3.2.1.2 Via downloaded files

gis_sh <- rgdal::readOGR(dsn = paths$f01, layer = "NUTS_RG_60M_2016_3035");
gis_sh <- subset(     gis_sh, CNTR_CODE == "PL" & LEVL_CODE == 2);
# Conversion to ETRS89 Poland CS92
gis_sh <- sp::spTransform(gis_sh, sp::CRS("+init=epsg:2180"));
if(write_ref) {
  save(gis_sh, file = paths$f06)
} else if (use_ref){
  load(paths$f06, verbose = TRUE);
} else {}
sp::plot(gis_sh);
Poland shape file.

Poland shape file.

3.2.2 Points

The PM10 data prepared earlier were restricted to the latest date and time with recorded by a sufficient number of station.
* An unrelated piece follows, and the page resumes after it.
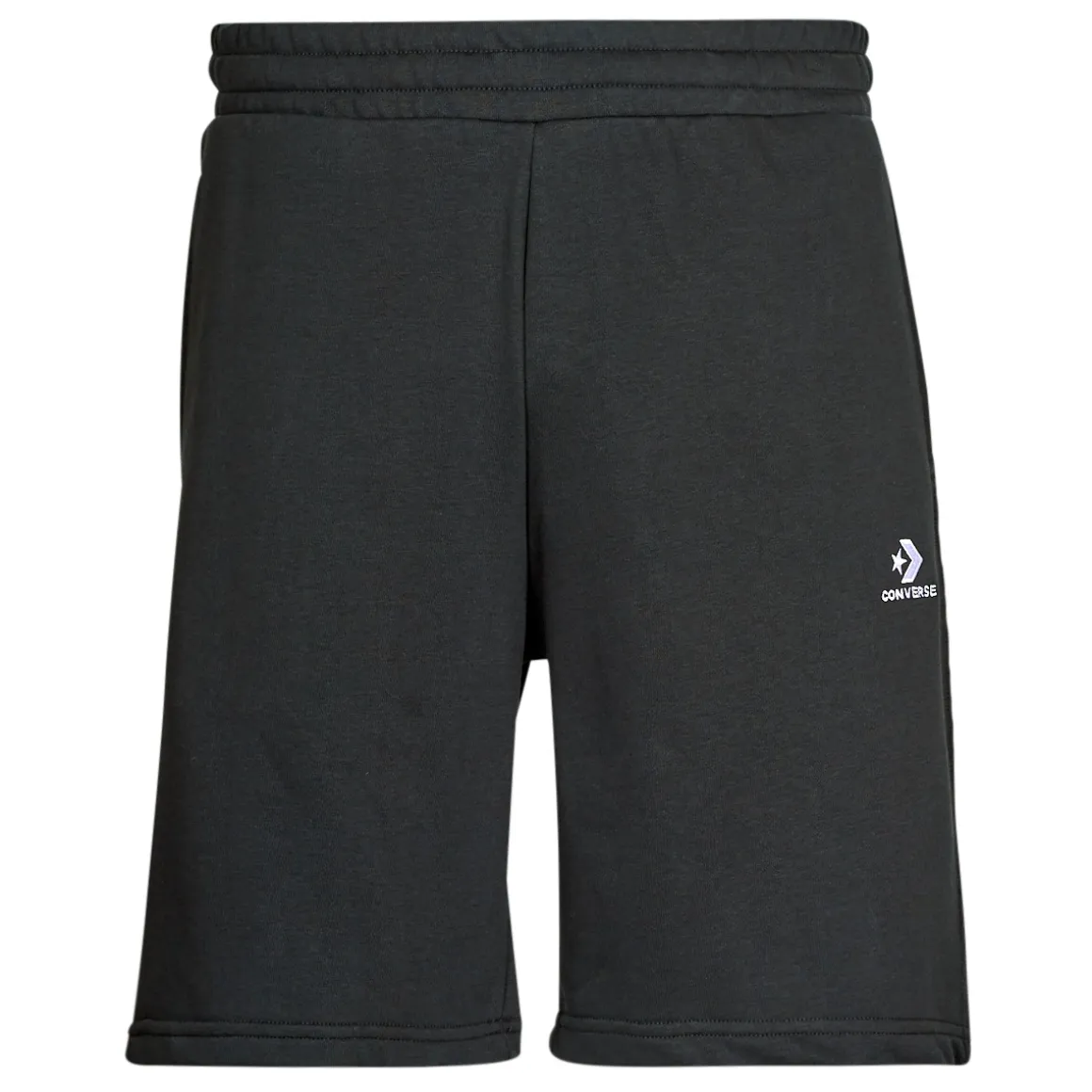Converse - GO-TO EMBROIDERED STAR CHEVRON FLEECE SHORT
The points were then added to the available shape previously obtained.

library(ggplot2);
dtaplot <- aggregate(
    value ~ date + param.paramCode,
    data = subset(measure, !is.na(value)),
    FUN = length
    )
ggplot(
  data = dtaplot,
  mapping = aes(y = value, x = date)
  ) + geom_point(
  ) + coord_cartesian(
  ylim = range(c(dtaplot$value, 0))
  ) + geom_hline(
  yintercept = quantile(dtaplot$value, probs = 0.85)
  ) + theme(
  axis.text.x=element_text(angle = 45, hjust = 1),
  );

sel_date <- with(measure, table(date[!is.na(value)]));
sel_date <- sel_date[order(names(sel_date))];
sel_date <- sel_date[sel_date >= quantile(sel_date, probs = 0.85)];
sel_date <- names(rev(sel_date))[1];
if(use_ref) { sel_date <- "2020-04-16 14:00:00" }

fetch_pts <- function(
  datetime,
  measure = measure, station = station
  ){

  gis_pts <- subset(measure, date == datetime);
  gis_pts <- subset(gis_pts, !(is.na(value)));
  gis_pts <- merge(
    x = station, by.x = "id",
    y = gis_pts, by.y = "stationId"
    );

  gis_pts <- within(
    gis_pts,
    {
      lon <- as.numeric(gegrLon);
      lat <- as.numeric(gegrLat);
    }
    );

  gis_pts <- sp::SpatialPointsDataFrame(
    coords = gis_pts[c('lon', 'lat')], data = gis_pts,
    proj4string = sp::CRS("+init=epsg:4326")
    );
  gis_pts <- sp::spTransform(gis_pts, sp::CRS("+init=epsg:2180"));

  return(gis_pts);

}

gis_pts <- fetch_pts(datetime = sel_date, measure = measure, station = station);
sp::plot(gis_sh);
sp::plot(gis_pts, add = TRUE);
Addition of station location to the shape file.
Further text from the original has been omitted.